ROME (AP) — Italy coach Antonio Conte was among 130 people formally notified by a state prosecutor Monday that they are under investigation for match-fixing in a case that has stretches back nearly five years.
Conte is being investigated for committing sports fraud when he coached Siena in 2010-11, although a charge of criminal association was dropped.
Atalanta coach Stefano Colantuono was also notified that he is under investigation by Cremona prosecutor Roberto Di Martino, in a step that usually precedes indictments.
Di Martino has been working at exposing a fixing network that allegedly stretched as far as Singapore.

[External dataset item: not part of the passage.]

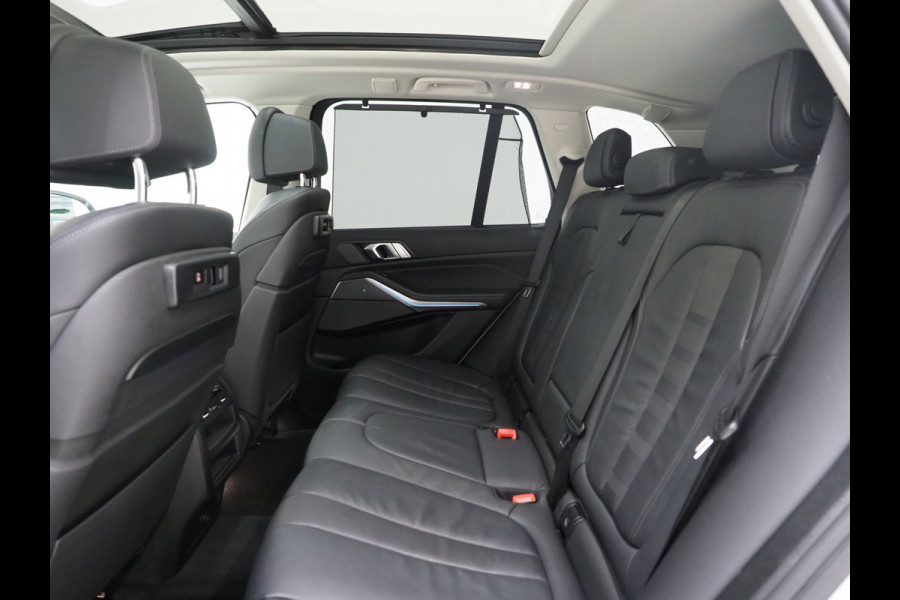 BMW X5 xDrive45e Full Black | Panoramadak | Luchtvering | Harman/Kardon | 360 | Keyless | Adaptive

More than 50 people have been arrested in Italy for match-fixing since mid-2011, with matches under investigation by prosecutors in Cremona, Bari and Naples.
Others named Monday included former Lazio captain Giuseppe Signori, current Lazio captain Stefano Mauri and former Atalanta captain Cristiano Doni — who were each arrested and have each been handed sports bans.

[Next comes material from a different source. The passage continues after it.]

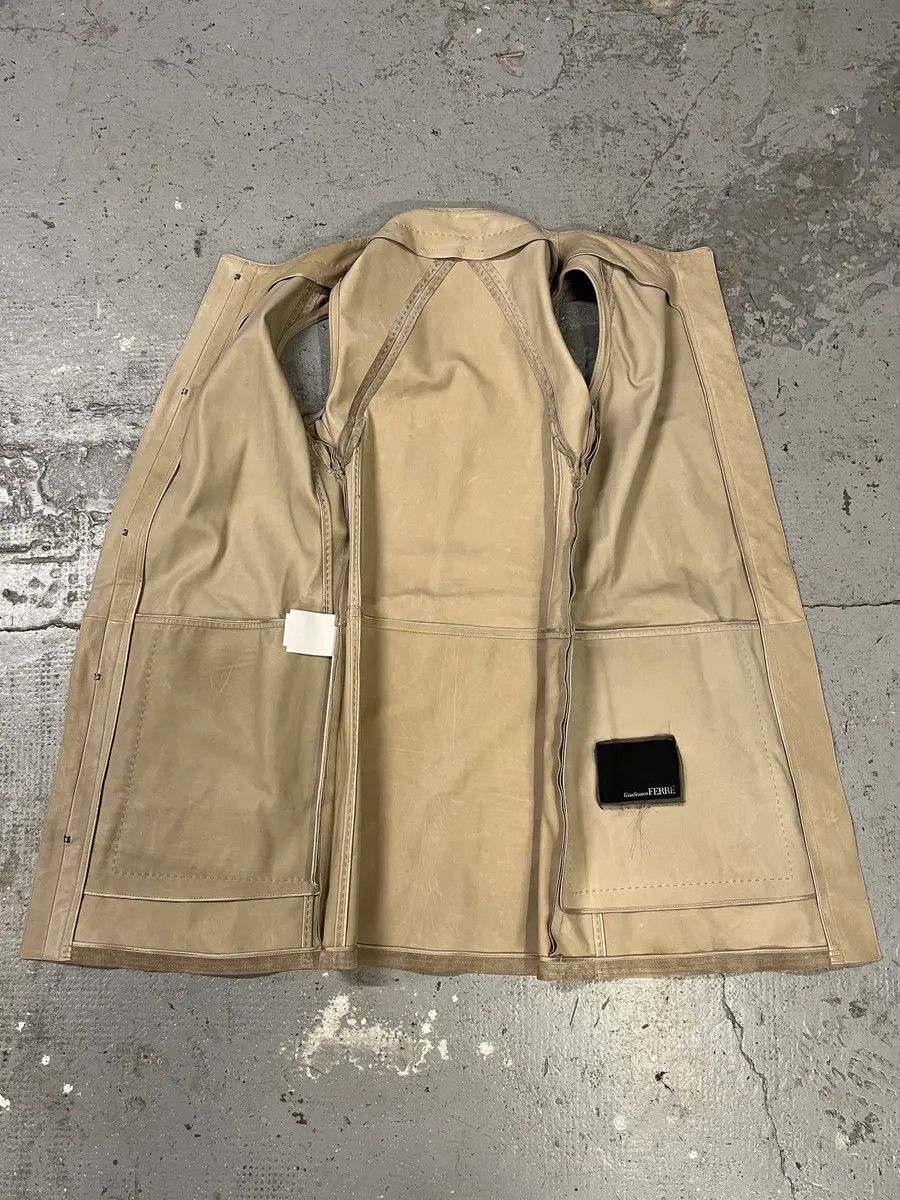 Gianfranco Ferre SS2009 Gianfranco Ferré Beige Suede Vest Dress Size S / US 4 / IT 40 - 9 Thumbnail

Conte is accused of involvement in fixing matches at the end of the season when Siena had already clinched promotion to Serie A and other clubs were still fighting to qualify for a playoff.

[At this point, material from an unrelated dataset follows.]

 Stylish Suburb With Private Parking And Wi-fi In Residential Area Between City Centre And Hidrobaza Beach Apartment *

Conte, who has denied wrongdoing, already served a four-month sports ban in the case during the 2012-13 season when he was with Juventus.
For Conte, the prosecutor is examining the Novara-Siena match on May 1, 2011 (which ended 2-2) and Albinoleffe-Siena (1-0) on May 29, 2011.
Conte has also been investigated for fixing when he coached Bari from 2007 to 2009, and the southern club was penalized a point during the 2013-14 season.
Colantuono is being investigated for a Crotone-Atalanta match in April, 2011 that ended 2-2.